The authors of the new paper called for further research, including on stroke death rates among other racial and ethnic groups, as well as how often life-sustaining therapies after stroke are used. among different groups.
Jones said research is also needed to identify factors that contribute to racial/ethnic differences in stroke outcomes, including social and economic factors that impact health.
Also known as the social determinants of health, these factors include access to a good education, well-paying jobs, healthy food, and health care.
While studies like the novel provide insight into the health disparities faced by certain groups, research must also go beyond to find solutions that work for all communities.
“There is a need to move from simply describing these disparities in stroke outcomes to developing effective interventions to prevent the disparities,” Jones said.
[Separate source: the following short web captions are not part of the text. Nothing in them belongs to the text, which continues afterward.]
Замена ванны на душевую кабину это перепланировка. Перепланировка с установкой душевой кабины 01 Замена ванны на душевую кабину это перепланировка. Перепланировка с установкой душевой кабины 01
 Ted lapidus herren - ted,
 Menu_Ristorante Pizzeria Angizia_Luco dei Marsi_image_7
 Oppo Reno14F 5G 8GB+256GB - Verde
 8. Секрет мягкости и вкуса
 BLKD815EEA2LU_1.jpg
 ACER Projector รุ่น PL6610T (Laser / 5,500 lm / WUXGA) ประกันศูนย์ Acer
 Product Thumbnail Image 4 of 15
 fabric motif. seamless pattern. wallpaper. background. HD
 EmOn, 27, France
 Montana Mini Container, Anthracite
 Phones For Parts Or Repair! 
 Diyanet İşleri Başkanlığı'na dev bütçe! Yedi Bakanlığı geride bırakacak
This should include clinicians and researchers partnering with Black and Latino patients and communities to find ways to fill gaps in stroke care, she added.
While stroke-related health disparities aren’t being fixed quickly, Jones is encouraged by the improvements that have already occurred in some areas.
To achieve this, “the health care community must invest in changes in the way care is delivered to these populations now to prevent disparities from negatively impacting more people in the future.” , she said.
Campbell agrees, saying “the executive leadership of healthcare organizations must work to reduce barriers for everyone and create the internal infrastructure necessary to create more equitable access,” he said.
In addition, these organizations must “help patients manage the social determinants of health and reduce structural racism and racist policies embedded in the American healthcare industry,” he said.